== Segment start ==

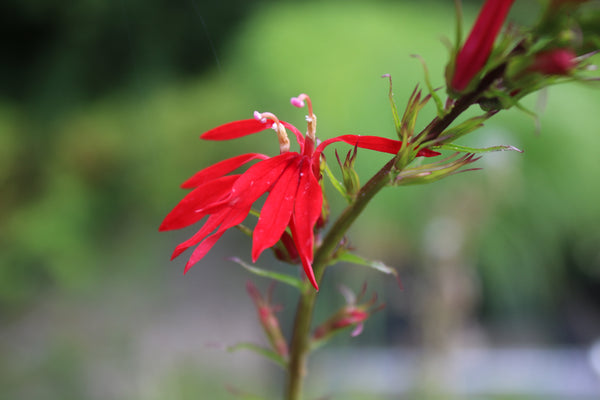 Hummingbird Bundle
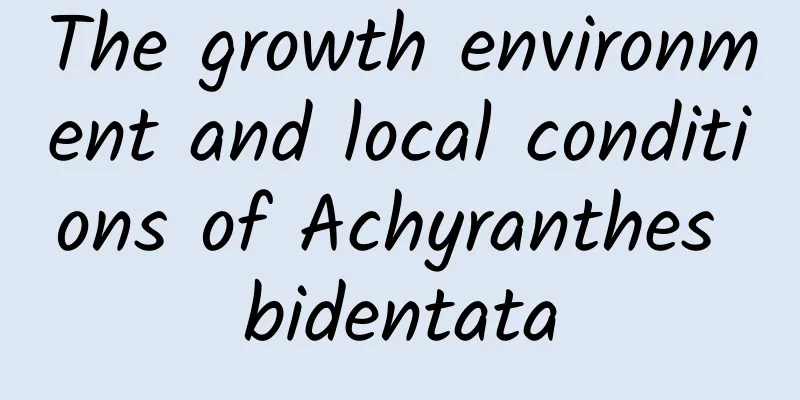 The growth environment and local conditions of Achyranthes bidentata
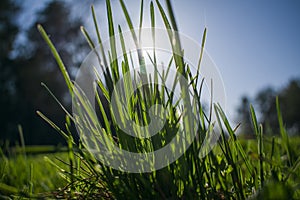 Green grass in the sun close up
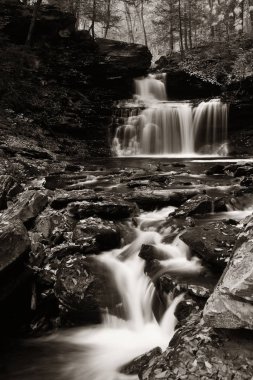 Siyah beyaz şelaleler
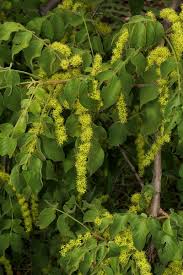 Image result for Lannea schweinfurthii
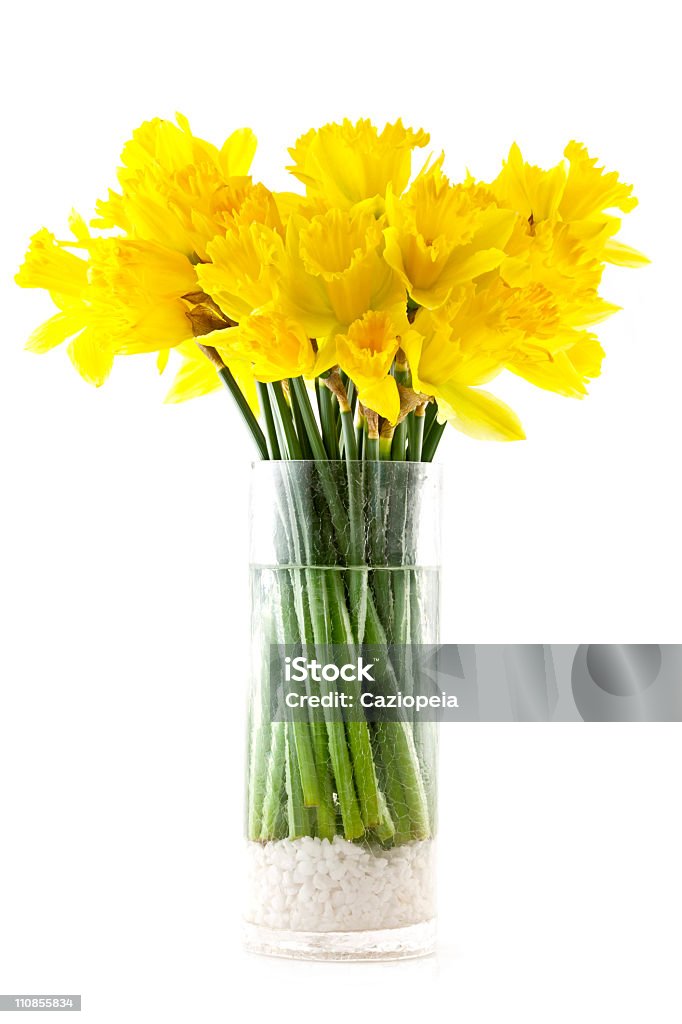 Jonquille tas - Photo de Bouquet de fleurs libre de droits
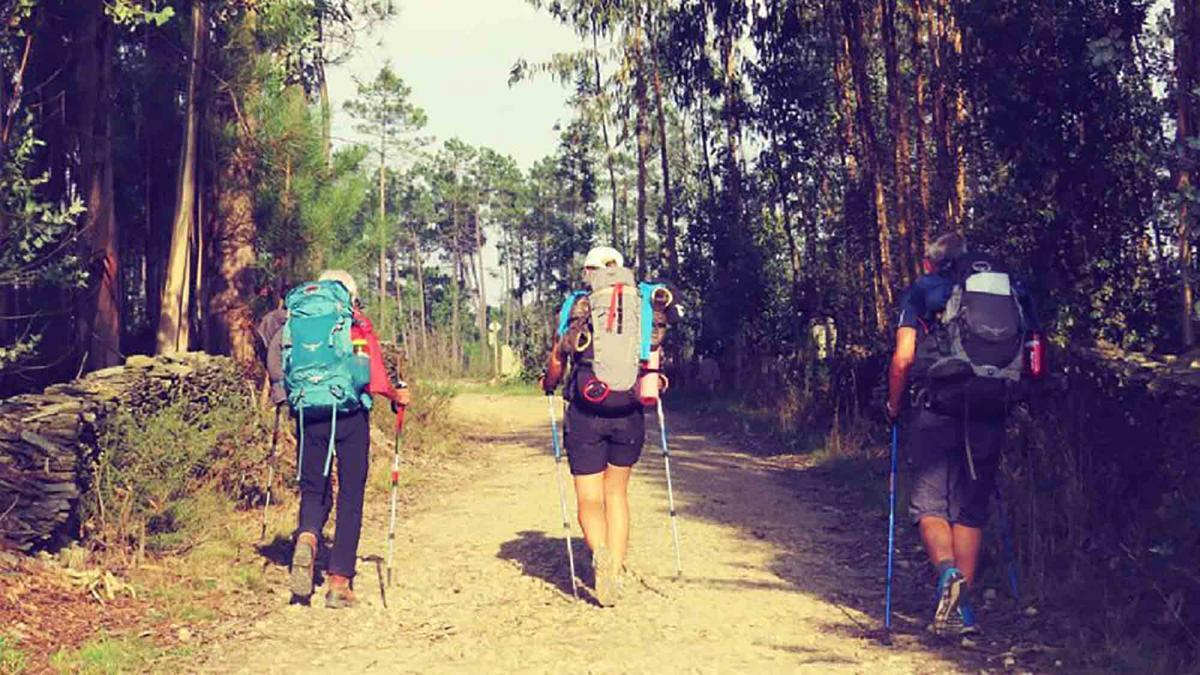 team building and charity hiking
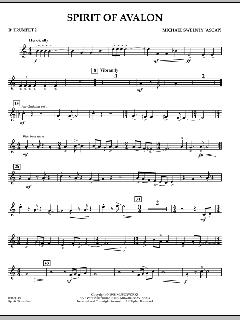 Spirit Of Avalon von Michael Sweeney (Download) 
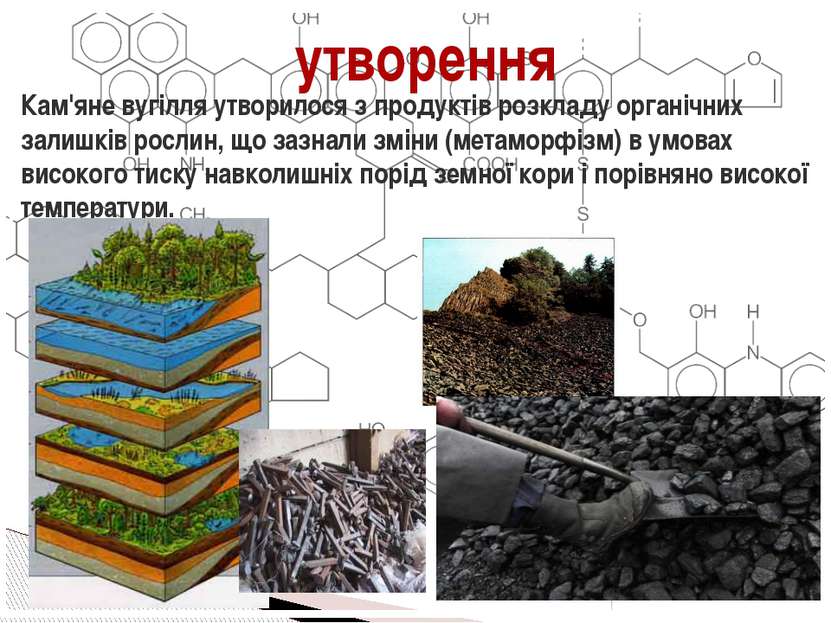 Кам'яне вугілля утворилося з продуктів розкладу органічних залишків рослин, щ...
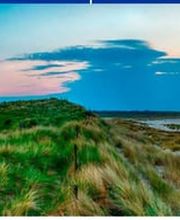 Dr.med.dent. Stefanie Koestner Bild 2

== Segment end ==

**WORK REQUIRED**
Copy nothing but the lines above from the one with "Siyah beyaz şelaleler" to the one with "Spirit Of Avalon", inclusive, word for word. Leave every picture out.

**SOLUTION BELOW**
 Siyah beyaz şelaleler
 Image result for Lannea schweinfurthii
 Jonquille tas - Photo de Bouquet de fleurs libre de droits
 team building and charity hiking
 Spirit Of Avalon von Michael Sweeney (Download) 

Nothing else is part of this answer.